■ ASSIGNMENT:
Stopping at the line that holds "Keep calm and carry on", repeat the lines below exactly, starting from the very first and including that final line.

■ RECORDS FOR THE EXERCISE:
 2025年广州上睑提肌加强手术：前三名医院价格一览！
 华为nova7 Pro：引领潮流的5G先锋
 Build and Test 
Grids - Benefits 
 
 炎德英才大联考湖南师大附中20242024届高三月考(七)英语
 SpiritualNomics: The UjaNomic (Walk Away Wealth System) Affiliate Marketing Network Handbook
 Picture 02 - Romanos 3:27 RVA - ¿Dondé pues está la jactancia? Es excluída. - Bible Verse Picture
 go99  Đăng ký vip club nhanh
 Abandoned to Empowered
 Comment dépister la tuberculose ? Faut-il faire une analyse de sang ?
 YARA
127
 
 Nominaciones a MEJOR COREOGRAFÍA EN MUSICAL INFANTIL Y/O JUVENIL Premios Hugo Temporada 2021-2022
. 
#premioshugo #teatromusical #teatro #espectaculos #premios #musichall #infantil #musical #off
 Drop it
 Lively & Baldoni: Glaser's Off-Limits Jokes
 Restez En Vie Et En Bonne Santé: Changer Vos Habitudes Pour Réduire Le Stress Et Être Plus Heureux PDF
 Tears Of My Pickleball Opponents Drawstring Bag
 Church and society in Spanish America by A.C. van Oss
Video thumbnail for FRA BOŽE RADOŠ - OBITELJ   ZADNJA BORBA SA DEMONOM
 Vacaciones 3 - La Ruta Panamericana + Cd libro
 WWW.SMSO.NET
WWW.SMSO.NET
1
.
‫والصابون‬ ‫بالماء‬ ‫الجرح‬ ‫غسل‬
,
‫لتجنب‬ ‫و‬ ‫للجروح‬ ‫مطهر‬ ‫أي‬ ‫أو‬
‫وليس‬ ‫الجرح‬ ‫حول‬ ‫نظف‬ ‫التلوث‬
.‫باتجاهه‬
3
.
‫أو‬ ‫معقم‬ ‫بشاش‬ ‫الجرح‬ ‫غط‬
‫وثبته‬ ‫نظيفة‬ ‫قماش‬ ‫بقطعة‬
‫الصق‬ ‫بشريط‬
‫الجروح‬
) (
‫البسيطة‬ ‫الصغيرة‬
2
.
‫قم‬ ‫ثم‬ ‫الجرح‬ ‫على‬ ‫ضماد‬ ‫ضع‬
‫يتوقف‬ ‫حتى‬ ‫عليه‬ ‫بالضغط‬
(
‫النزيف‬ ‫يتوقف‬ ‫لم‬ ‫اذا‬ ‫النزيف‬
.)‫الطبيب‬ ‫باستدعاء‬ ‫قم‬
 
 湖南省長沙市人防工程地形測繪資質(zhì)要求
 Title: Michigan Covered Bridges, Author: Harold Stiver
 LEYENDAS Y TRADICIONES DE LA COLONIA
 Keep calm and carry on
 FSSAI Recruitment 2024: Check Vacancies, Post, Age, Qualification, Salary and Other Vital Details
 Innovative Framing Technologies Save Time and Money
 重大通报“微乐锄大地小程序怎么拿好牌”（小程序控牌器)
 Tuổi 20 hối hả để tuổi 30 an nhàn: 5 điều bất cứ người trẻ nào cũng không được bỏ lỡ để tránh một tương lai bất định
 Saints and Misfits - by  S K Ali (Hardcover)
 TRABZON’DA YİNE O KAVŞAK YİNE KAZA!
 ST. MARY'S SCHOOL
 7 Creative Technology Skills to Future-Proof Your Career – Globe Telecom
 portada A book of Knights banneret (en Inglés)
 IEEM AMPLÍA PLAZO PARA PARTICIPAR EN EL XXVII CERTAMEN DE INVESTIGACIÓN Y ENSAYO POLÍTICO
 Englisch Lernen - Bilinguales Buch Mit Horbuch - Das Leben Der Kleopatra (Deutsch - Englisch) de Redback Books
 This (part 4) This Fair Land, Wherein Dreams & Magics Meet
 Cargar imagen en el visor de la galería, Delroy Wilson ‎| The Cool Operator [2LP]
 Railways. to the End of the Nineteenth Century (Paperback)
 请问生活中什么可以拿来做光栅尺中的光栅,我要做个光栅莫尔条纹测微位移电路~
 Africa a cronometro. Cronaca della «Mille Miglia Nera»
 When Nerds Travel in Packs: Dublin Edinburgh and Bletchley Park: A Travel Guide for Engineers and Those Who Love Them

■ YOUR SOLUTION:
 2025年广州上睑提肌加强手术：前三名医院价格一览！
 华为nova7 Pro：引领潮流的5G先锋
 Build and Test 
Grids - Benefits 
 
 炎德英才大联考湖南师大附中20242024届高三月考(七)英语
 SpiritualNomics: The UjaNomic (Walk Away Wealth System) Affiliate Marketing Network Handbook
 Picture 02 - Romanos 3:27 RVA - ¿Dondé pues está la jactancia? Es excluída. - Bible Verse Picture
 go99  Đăng ký vip club nhanh
 Abandoned to Empowered
 Comment dépister la tuberculose ? Faut-il faire une analyse de sang ?
 YARA
127
 
 Nominaciones a MEJOR COREOGRAFÍA EN MUSICAL INFANTIL Y/O JUVENIL Premios Hugo Temporada 2021-2022
. 
#premioshugo #teatromusical #teatro #espectaculos #premios #musichall #infantil #musical #off
 Drop it
 Lively & Baldoni: Glaser's Off-Limits Jokes
 Restez En Vie Et En Bonne Santé: Changer Vos Habitudes Pour Réduire Le Stress Et Être Plus Heureux PDF
 Tears Of My Pickleball Opponents Drawstring Bag
 Church and society in Spanish America by A.C. van Oss
Video thumbnail for FRA BOŽE RADOŠ - OBITELJ   ZADNJA BORBA SA DEMONOM
 Vacaciones 3 - La Ruta Panamericana + Cd libro
 WWW.SMSO.NET
WWW.SMSO.NET
1
.
‫والصابون‬ ‫بالماء‬ ‫الجرح‬ ‫غسل‬
,
‫لتجنب‬ ‫و‬ ‫للجروح‬ ‫مطهر‬ ‫أي‬ ‫أو‬
‫وليس‬ ‫الجرح‬ ‫حول‬ ‫نظف‬ ‫التلوث‬
.‫باتجاهه‬
3
.
‫أو‬ ‫معقم‬ ‫بشاش‬ ‫الجرح‬ ‫غط‬
‫وثبته‬ ‫نظيفة‬ ‫قماش‬ ‫بقطعة‬
‫الصق‬ ‫بشريط‬
‫الجروح‬
) (
‫البسيطة‬ ‫الصغيرة‬
2
.
‫قم‬ ‫ثم‬ ‫الجرح‬ ‫على‬ ‫ضماد‬ ‫ضع‬
‫يتوقف‬ ‫حتى‬ ‫عليه‬ ‫بالضغط‬
(
‫النزيف‬ ‫يتوقف‬ ‫لم‬ ‫اذا‬ ‫النزيف‬
.)‫الطبيب‬ ‫باستدعاء‬ ‫قم‬
 
 湖南省長沙市人防工程地形測繪資質(zhì)要求
 Title: Michigan Covered Bridges, Author: Harold Stiver
 LEYENDAS Y TRADICIONES DE LA COLONIA
 Keep calm and carry on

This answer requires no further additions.